I guess that's not so much "my hardest bug", but I did actually fix a bunch of bugs in the process of trying to convince them it was interference and not some mythical radio virus that could corrupt packets in mid-air. And all of it based on phone calls and emails with hex dumps of sniffed radio packets, with being "nothing more" than a lowly applications programmer.
That was a fun 2 days of troubleshooting, I think I 'solved' the problem 3 times before it was actually solved cross-browser.
a) I used to work on deep packet inspection software for a multicore network processor. It was kind of c but with restricted api's and some unique concepts related to multicore. Among the concepts was, same binary being run on multiple cores to process packets, but still no hardware locks, because there was an implicit tag - a kind of a hash computed on 5 tuple (src/dst ip, ports, protocol) to ensure only one core gets packets from one session / 5 tuple.

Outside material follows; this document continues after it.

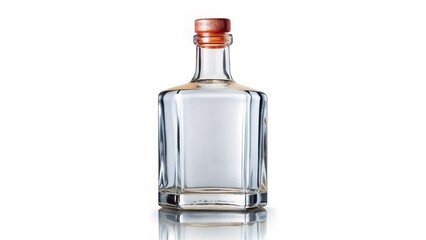 Empty Liquor Bottle, Clear Glass, Isolated on White Background - Stock Photo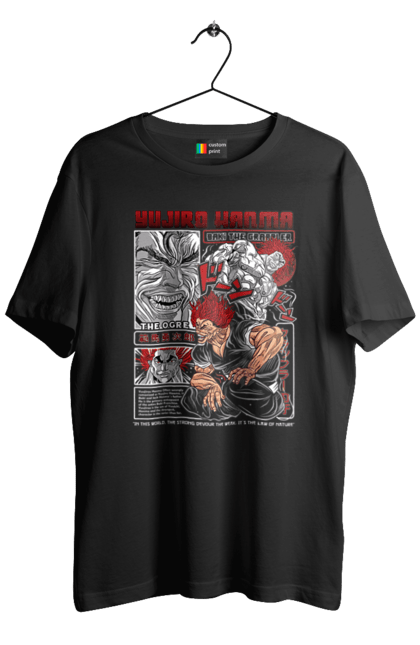 Men's t-shirt with prints Baki Yujiro Hanma. Anime, baki fighter, hanma baki, manga, martial arts, tv series, yujiro hanma. 2070702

So the scenario was a protocol parser whose job was to parse some other info along with ip, call an external api to add a subscriber. When this parser was ran for like 10-15 minutes on live setup, it used to seg fault after processing some 60-70 million packets. The behavior was reproducible, but was not occurring at the same time, nor in the same piece of code.

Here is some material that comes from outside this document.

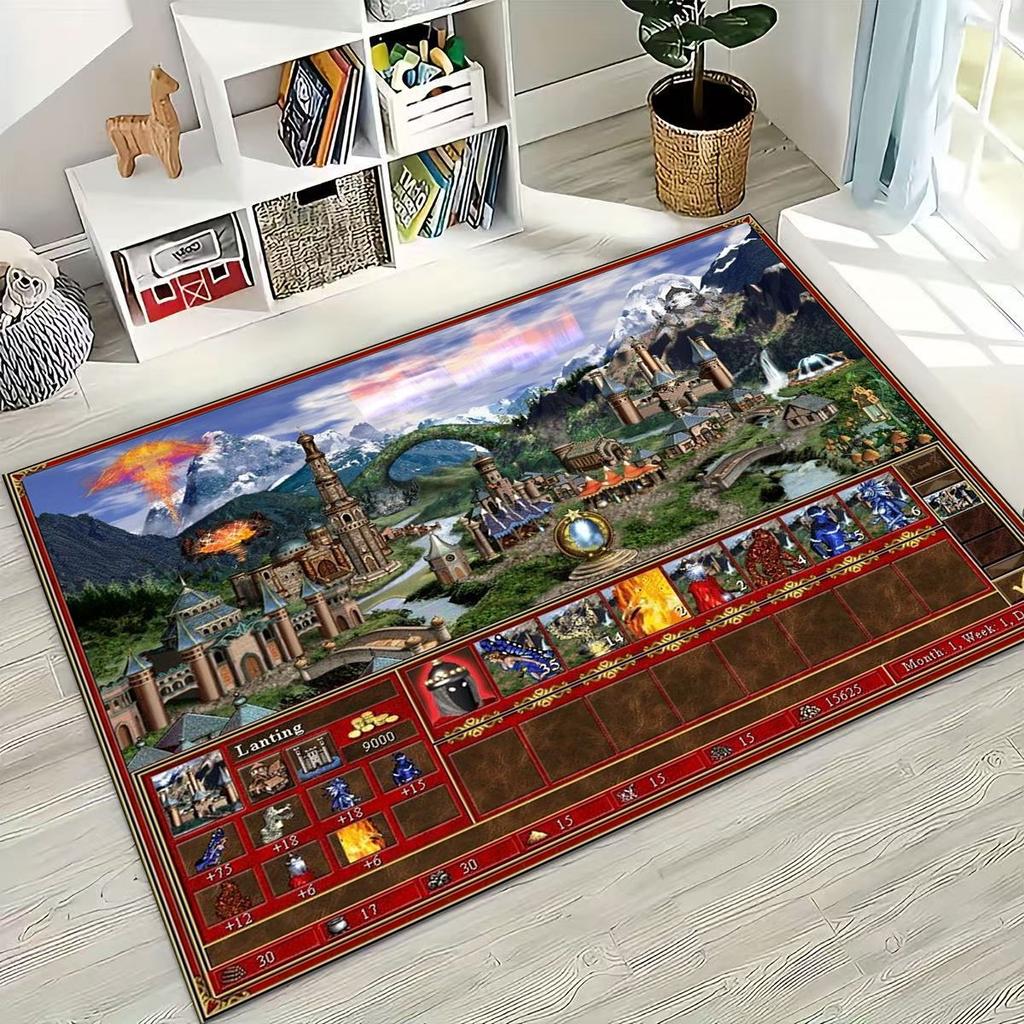 Retro Heroes of Might and Magic Map Games Art Rug for Bedroom Living Room Sofa Home Doormat Decor,Large Kids Non-slip Floor Mat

Narrowing down didn't exactly work, since it stopped occurring with either of the subscriber addition api call OR the parser was commented. But each worked perfectly on its own.
Finally, after a couple weeks of long debug cycles and notes, it turned out to be AN IMPLICIT tag switch inside the subscriber addition api. Since we were not locking through apis, the tag switch would lead to same packet being sent to multiple cores, and any where along the line in the follow up code, an allocation (which turns redundant) or a shared mem access or deletion (free) it could turn into a seg fault.
Now implicit switch of locks in the subscribe api was also a documented and needed feature of hardware. Just that it should have been DOCUMENTED in BOLD on the api, which was not the case.
b) In the same dpi product, once we added two fields to look for in the incoming traffic which should not have matched but were still matching in results. Unique thing was, they only fail when those were together and would work fine independently.
Going deeper in their code, showed a strncpy which was intended to use as a safety against strcpy, but with MAX_STRING_SIZE. So basically when the actual string was much shorter, it would just wipe off the entire length with padded zeros in the buffer, there by over writing the originally appended fields to look for. The author seemed to have missed the following comment in strncpy's definition.
"If the end of the source C string (which is signaled by a null-character) is found before num characters have been copied, destination is padded with zeros until a total of num characters have been written to it."
Since then, i have been really careful in choosing to use strncpy instead of strcpy as often mistakenly advised in general.